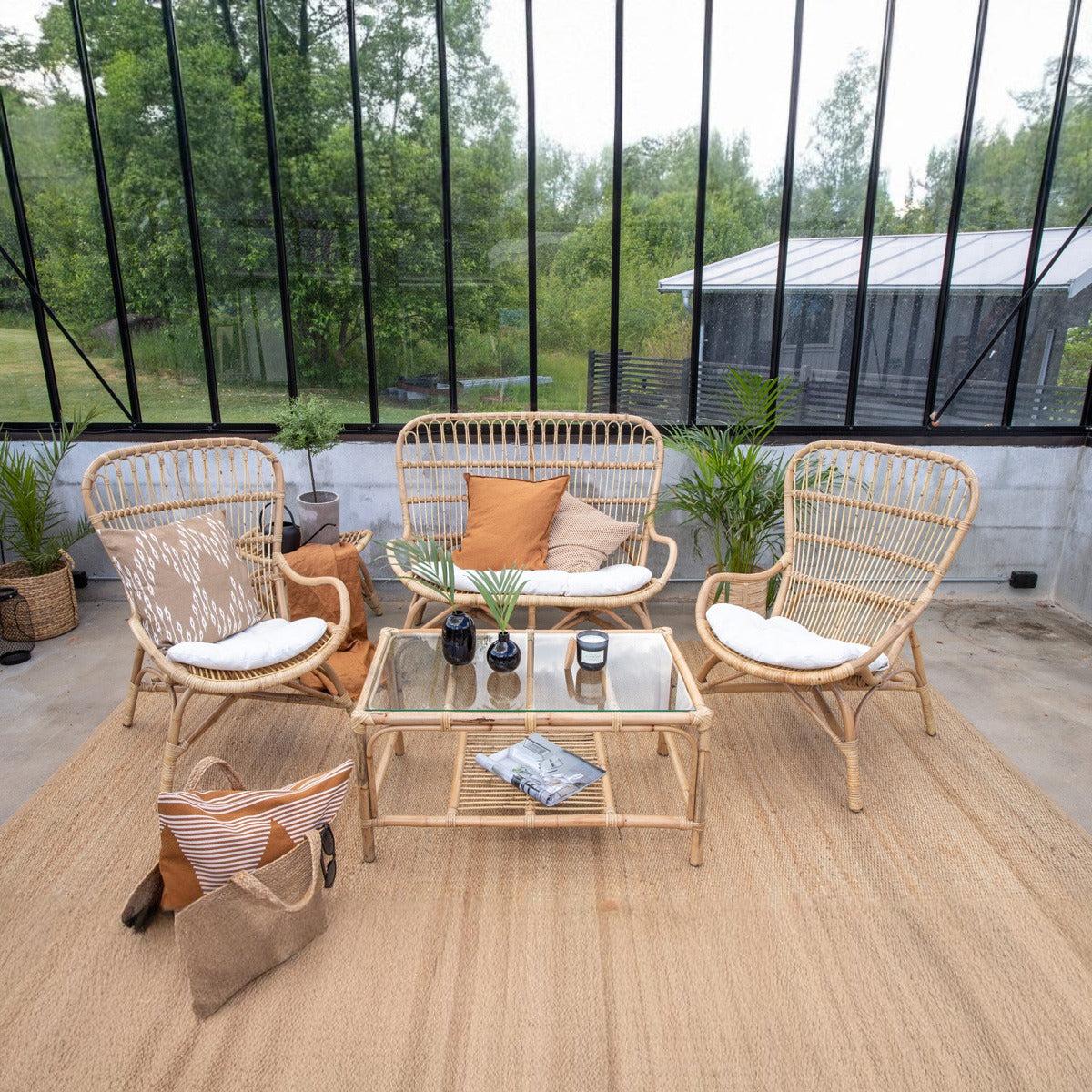 FjÃ´rd - Loungeset Naturel - Rotan - Ella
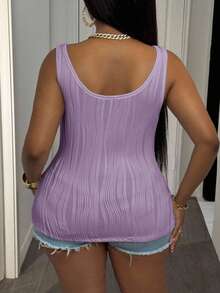 Slaydiva Plus Size Women's Casual Basic Tank Top, Deep V-Neck And Fine Ribbed Texture, White - Mauve Purple - View 2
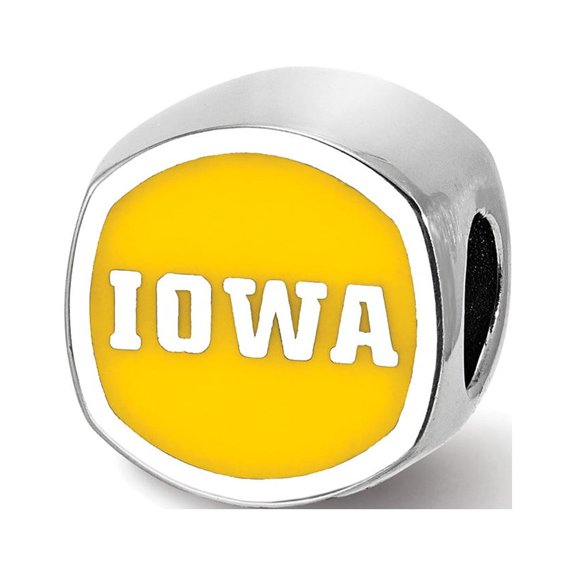 Fancy Bead White Sterling Silver Yellow Iowa NCAA University Of 11.39 mm 10.9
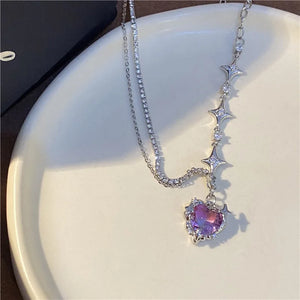 Gradient Purple Zircon Star Heart Necklace Y2K Crystal
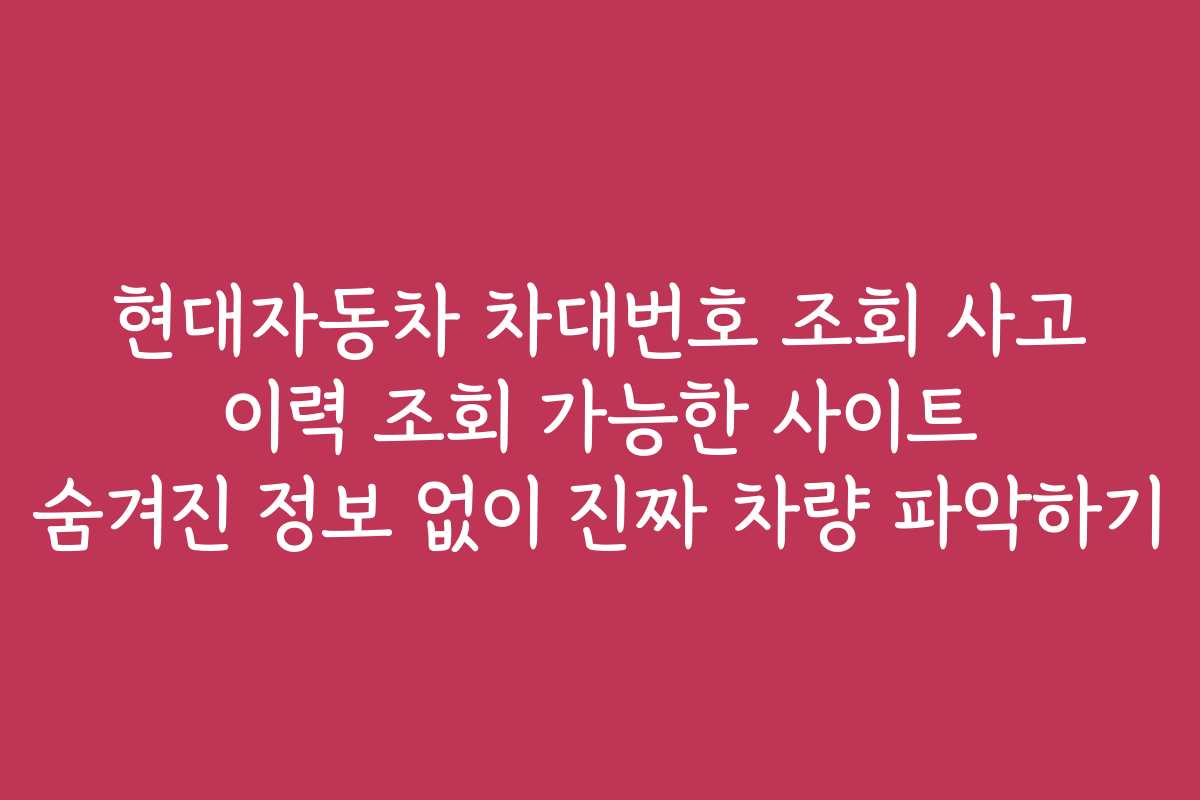 현대자동차 차대번호 조회 사고 이력 조회 가능한 사이트 숨겨진 정보 없이 진짜 차량 파악하기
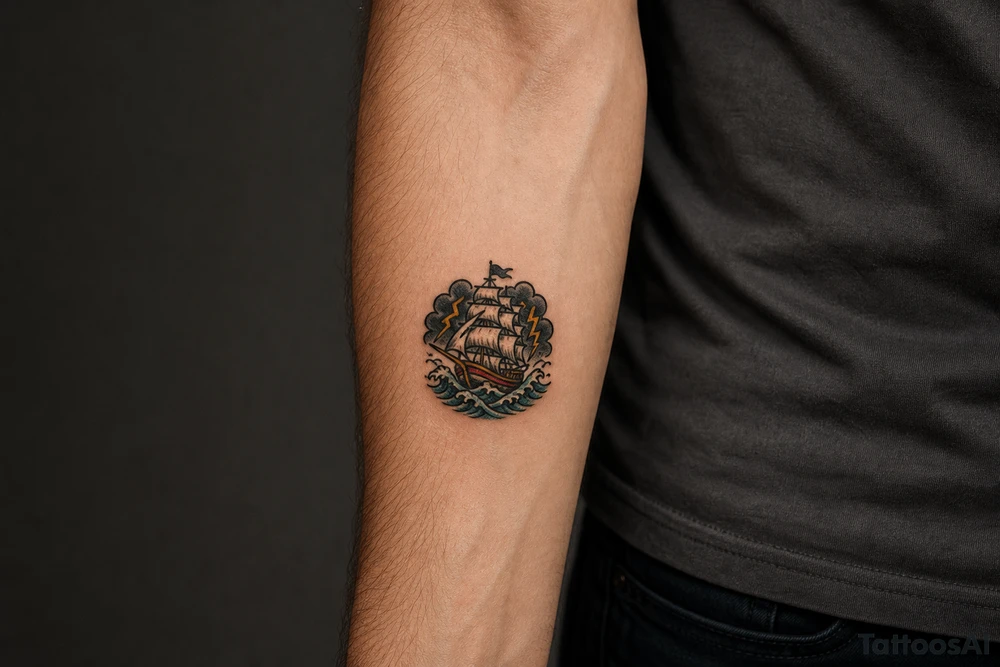 pirate ship in a storm tattoo idea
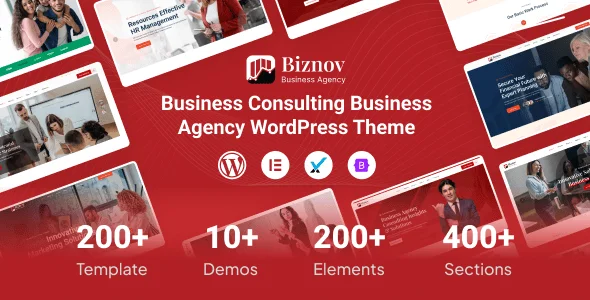Biznov - Business Consulting WordPress Theme — homepage layout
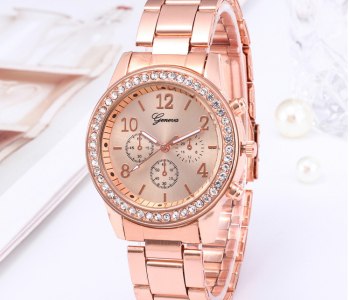 Express Delivery - Geneva Rhinestone Wrist Watch - Rose Gold - ID 38970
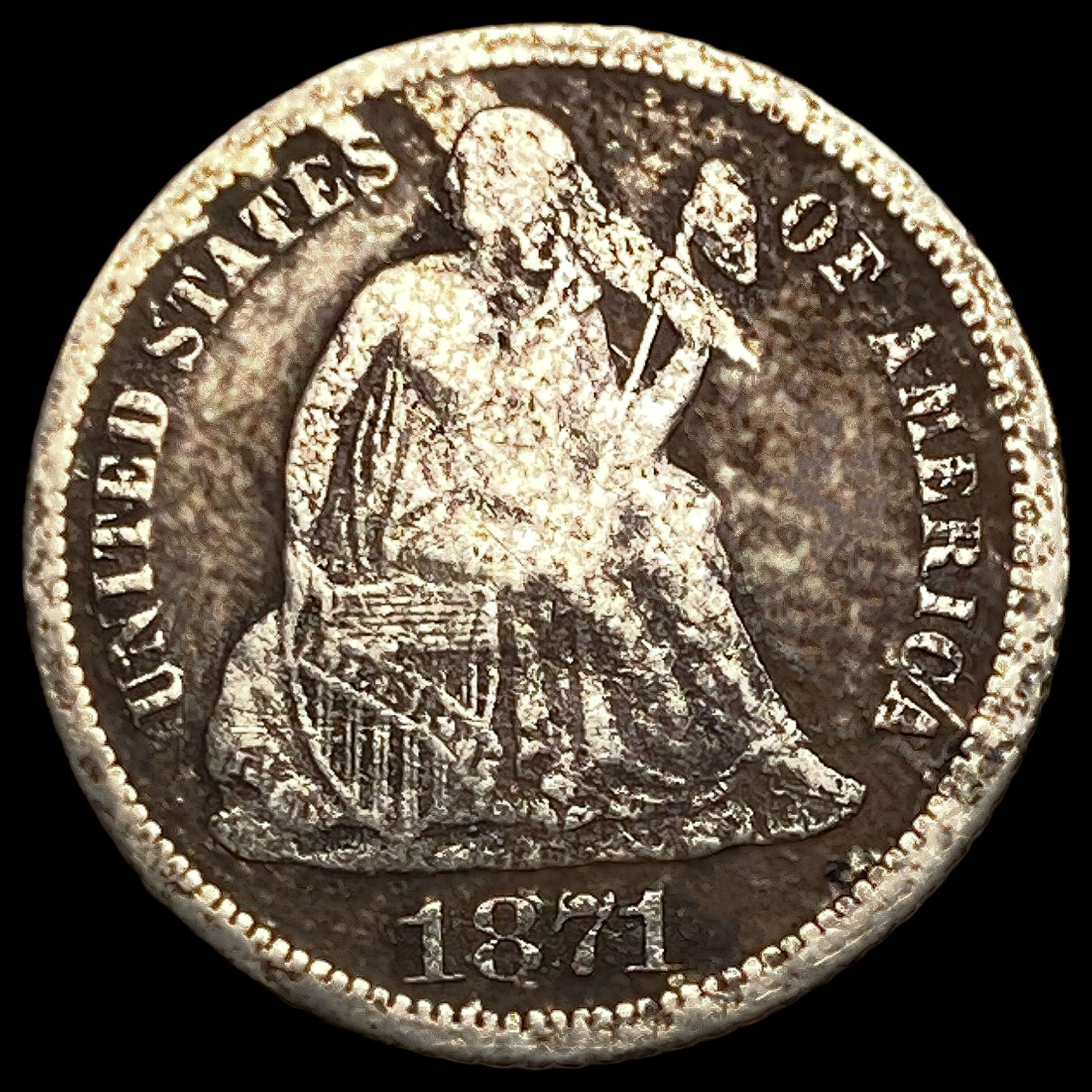 1871-CC Seated Liberty Dime (1 of 2)
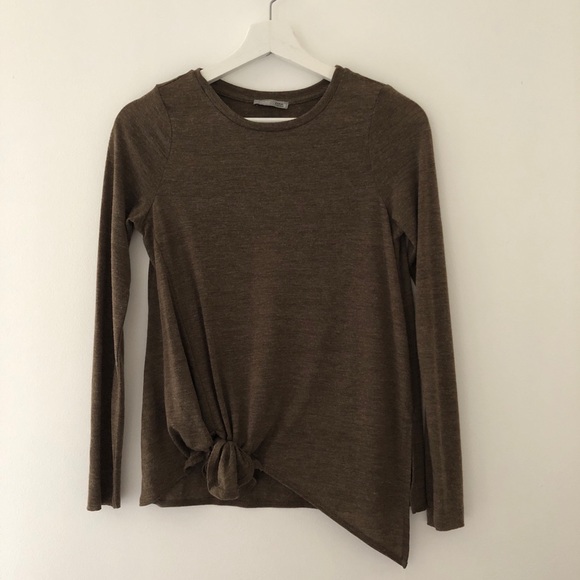 ZARA | Knit Khaki Top with Front Knot - Picture 5 of 8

WHAT THIS TASK INVOLVES => Give back, word for word, the lines from the one containing "pirate ship in a storm tattoo idea" through the last line of the listing above; include both ends and exclude the pictures.

REPLY =>
 pirate ship in a storm tattoo idea
Biznov - Business Consulting WordPress Theme — homepage layout
 Express Delivery - Geneva Rhinestone Wrist Watch - Rose Gold - ID 38970
 1871-CC Seated Liberty Dime (1 of 2)
 ZARA | Knit Khaki Top with Front Knot - Picture 5 of 8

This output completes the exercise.